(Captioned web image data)
──────────────────────────────
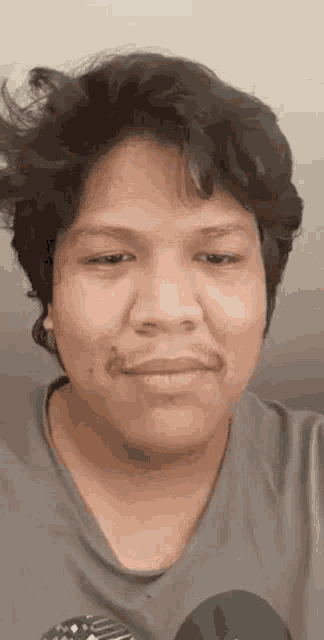a man with a mustache is making a funny face while wearing a gray shirt .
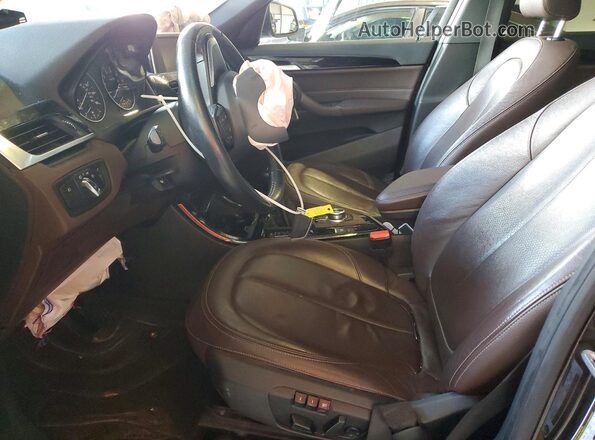 WBXHT3C33G5F65833 2016 BMW X1 Черный Вид салона спереди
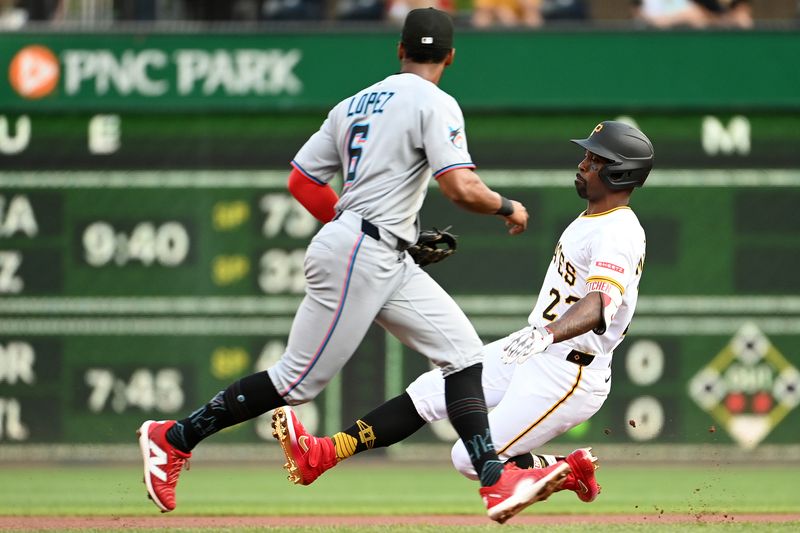 Jun 10, 2025; Pittsburgh, Pennsylvania, USA; Pittsburgh Pirates Andrew McCutchen (22) slides past Miami Marlins second baseman Otto Lopez (6) for a double in the first inning at PNC Park. Mandatory Credit: Philip G. Pavely-Imagn Images
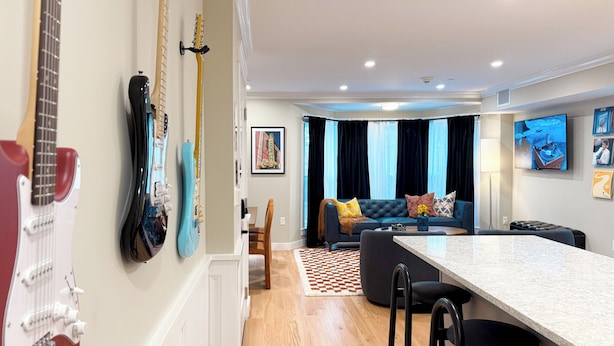 A modern living room with a sofa, a dining table, and a kitchen area.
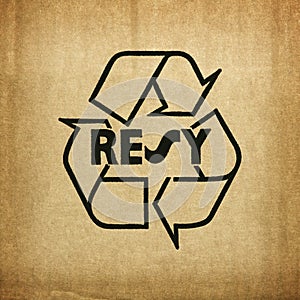 Recycle symbol on cardboard texture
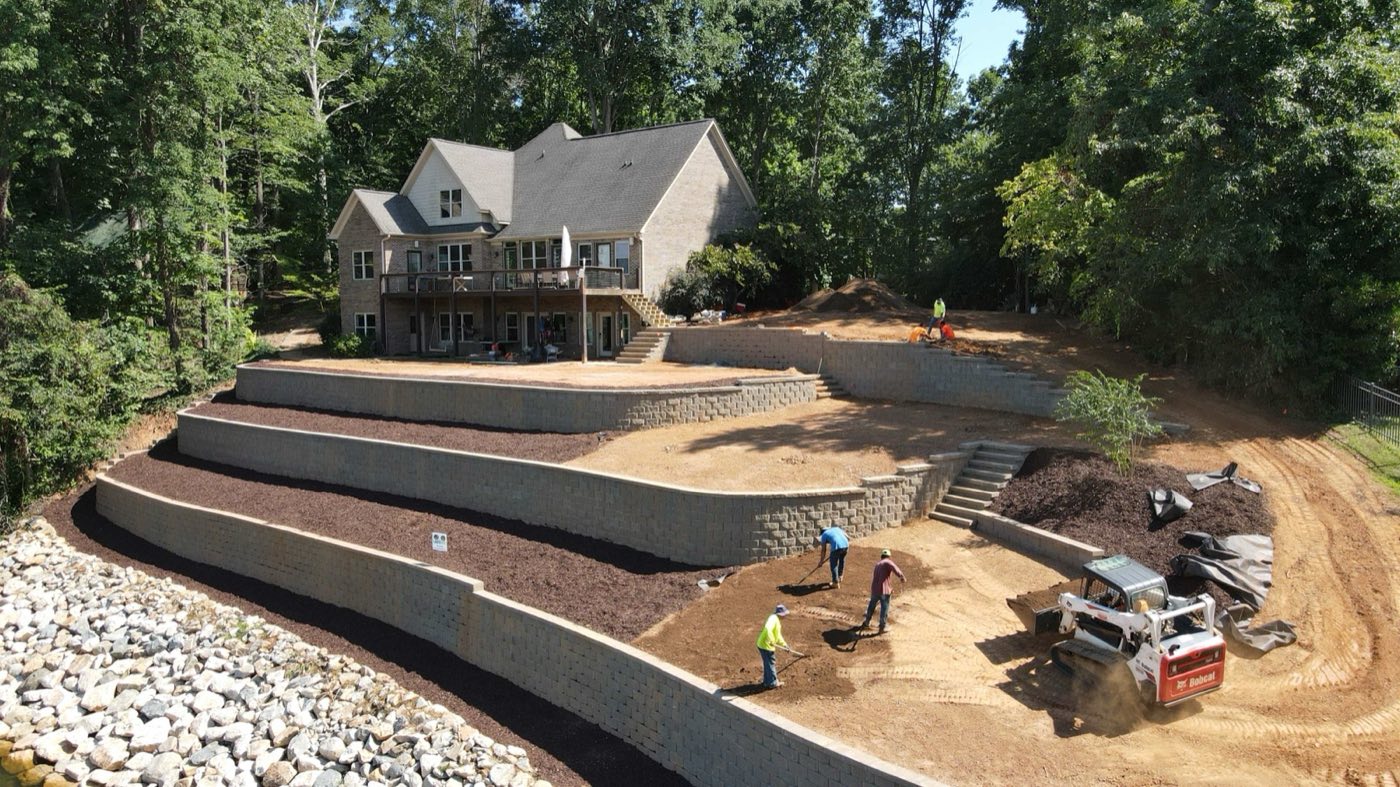 Crew and skid steer finishing tiered block retaining walls behind a Mooresville home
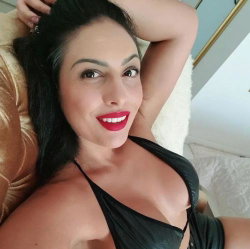 Brunette woman with red lipstick in a black top, lying on a plush surface, smiling at the camera.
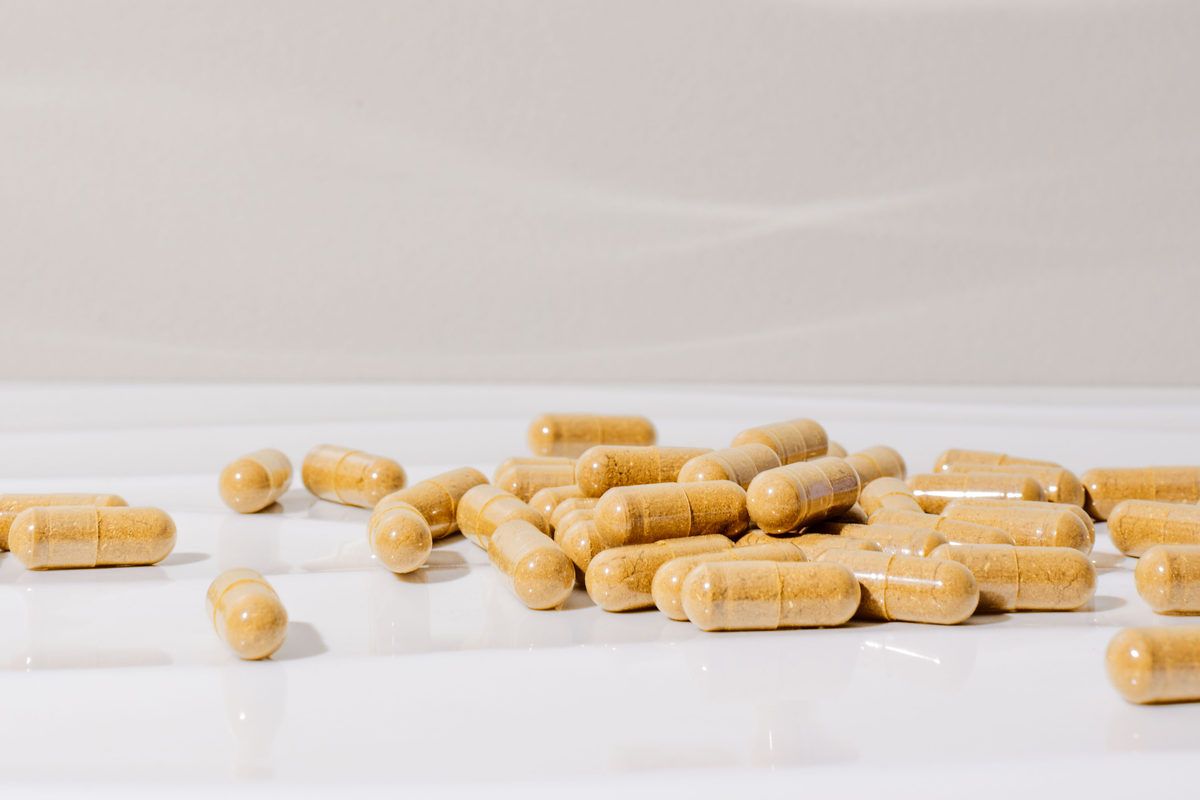 A scatter of tan mushroom capsules on a pale surface.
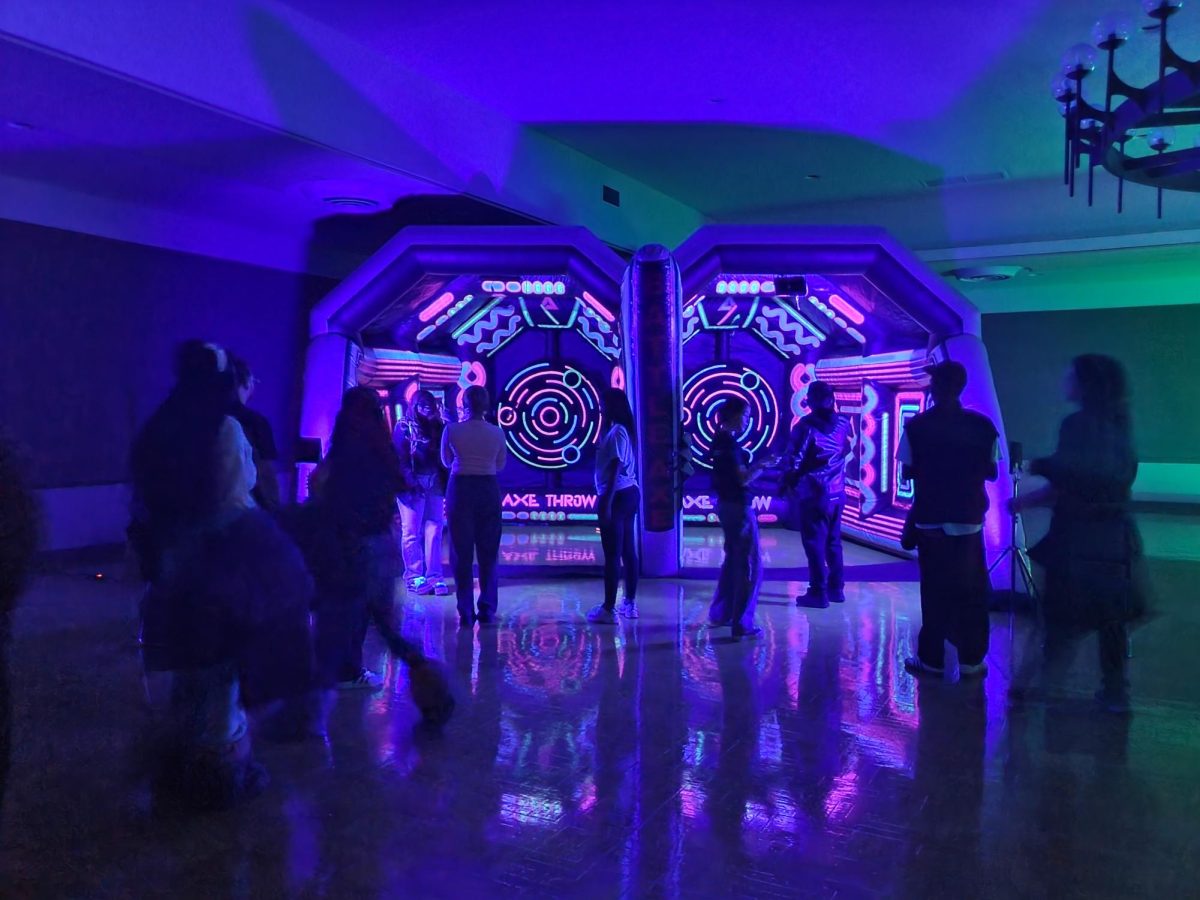 Visitors line up to hurl axes at the targets. The Campus Activity Board held their "Glow at Holmes" event which featured several glow-in-the-dark activities. (Jonathan Shelby | Northern Star)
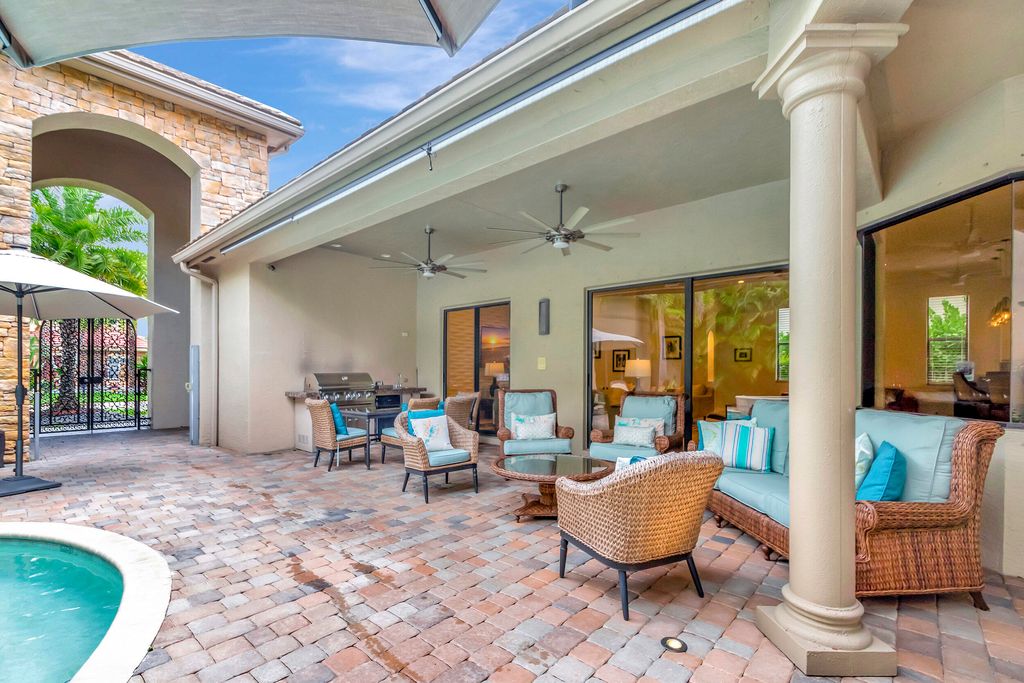 Photo of 10699 Versailles Boulevard, Wellington, FL 33449 (MLS # R10928071)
──────────────────────────────
• _What you should do_
If a record contains a picture, drop the picture and repeat the rest exactly.

• _Result of the exercise_
a man with a mustache is making a funny face while wearing a gray shirt .
 WBXHT3C33G5F65833 2016 BMW X1 Черный Вид салона спереди
 Jun 10, 2025; Pittsburgh, Pennsylvania, USA; Pittsburgh Pirates Andrew McCutchen (22) slides past Miami Marlins second baseman Otto Lopez (6) for a double in the first inning at PNC Park. Mandatory Credit: Philip G. Pavely-Imagn Images
 A modern living room with a sofa, a dining table, and a kitchen area.
 Recycle symbol on cardboard texture
 Crew and skid steer finishing tiered block retaining walls behind a Mooresville home
 Brunette woman with red lipstick in a black top, lying on a plush surface, smiling at the camera.
 A scatter of tan mushroom capsules on a pale surface.
 Visitors line up to hurl axes at the targets. The Campus Activity Board held their "Glow at Holmes" event which featured several glow-in-the-dark activities. (Jonathan Shelby | Northern Star)
 Photo of 10699 Versailles Boulevard, Wellington, FL 33449 (MLS # R10928071)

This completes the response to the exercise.